Contact: Scott Denne
Fortinet has always been a bargain shopper, picking up IP assets and down-on-their-luck startups. The $44m acquisition of Wi-Fi company Meru Networks is Fortinet’s largest deal (by a factor of seven), and it hasn’t strayed from its M.O. The transaction values the publicly traded target at 0.4x trailing revenue – the lowest multiple on record for a Wi-Fi router vendor, according to 451 Research’s M&A Knowledgebase.
Meru posted a few years of growth leading up to its 2010 IPO, though it’s stalled since then, with annual revenue hovering at $90m-$105m. Meru’s stock is down more than 90% since its debut. Wall Street hasn’t been kind to Wi-Fi providers of late. Ruckus Wireless is down 16% and Aerohive 30% since they began trading in 2012 and 2014, respectively.
An acquisition of Meru was not unexpected (the company had retained Deutsche Bank Securities late last year as an adviser to pursue a sale or merger of the company); however, Fortinet as the acquirer was certainly not expected.

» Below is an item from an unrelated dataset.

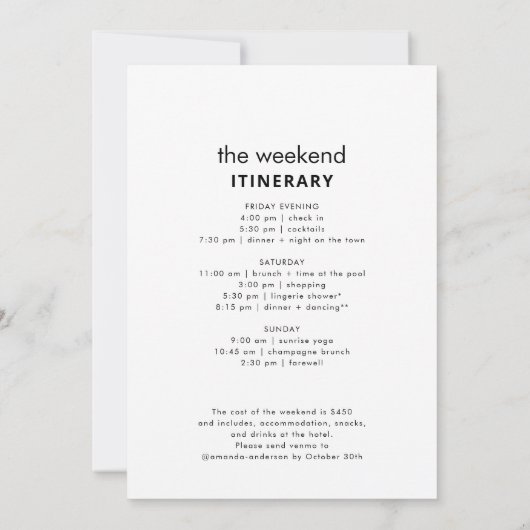 Invitation Danse Queen Bachelorette Week-end Itinéraire Rétro (Dos)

Meru’s recent announcement of 802.11ac Wave 2 products as well as its new cloud-managed service for MSPs were targeted as much at potential suitors looking to fill in roadmap gaps as customers. This transaction arrives too late to capitalize on the 2015 E-Rate spending cycle, and it’s still uncertain if the internal networking funding will continue into 2016 and beyond. Regardless, this was an inexpensive pickup of key technologies, IP and talent in a growing market.